Originally picked to play at lock, Cornelsen moved to No. 8 when Kazuki Himeno pulled out on the morning of the game with a calf injury. As he seems to do on a regular basis, the son of Wallabies legend Greg played the full 80 minutes, making 19 tackles and being responsible for a number of the four line-out steals the Brave Blossoms imposed on the Chileans.
Rikiya Matsuda’s return to form with the boot was also a boost for Japan ahead of their game against England. But the rest of the backs will need to be a little sharper if they are to cause problems for the English defense.
“Matsuda played well and kicked some important goals to keep the scoreboard pressure when we needed,” said Brown. “He controlled the game very well, which is just what we need from our starting 10.”

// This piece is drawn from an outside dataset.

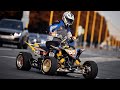 видео ниочём yamaha yfz450r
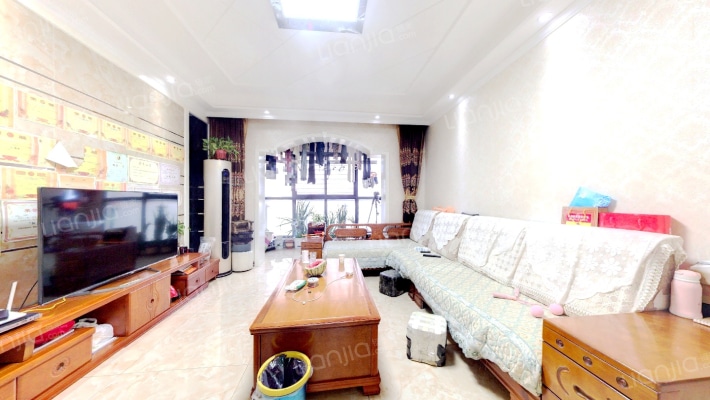 阳光城2号院二手房实景图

The stats show Japan certainly tried to get the ball into the hands of their outside backs, with Kotaro Matsushima, Jone Naikabula and Semisi Masirewa making the most carries and meters gained for the team. But overall, it was Chile who made more tackle breaks and advanced more upfield with ball in hand.
“Chile did a good job pressuring us, and we did not execute around moving the ball wide,” Brown explained. “It’s all about being confident and attacking as one rather than individuals. We need to work on our attack and moving the ball wide and into the hands of Matsushima and our two Fijian boys as they are dangerous players.”
On the bright side, particularly given the way George Ford kicked during England’s win over Argentina, the Brave Blossoms were only penalized six times.
“Every player is striving to be better and working hard to improve,” Brown said. “Everyone understands the Japan way we want to play and how to play it, but we need to be better executing it against good defenses. We can get there quickly, we just need to work hard.”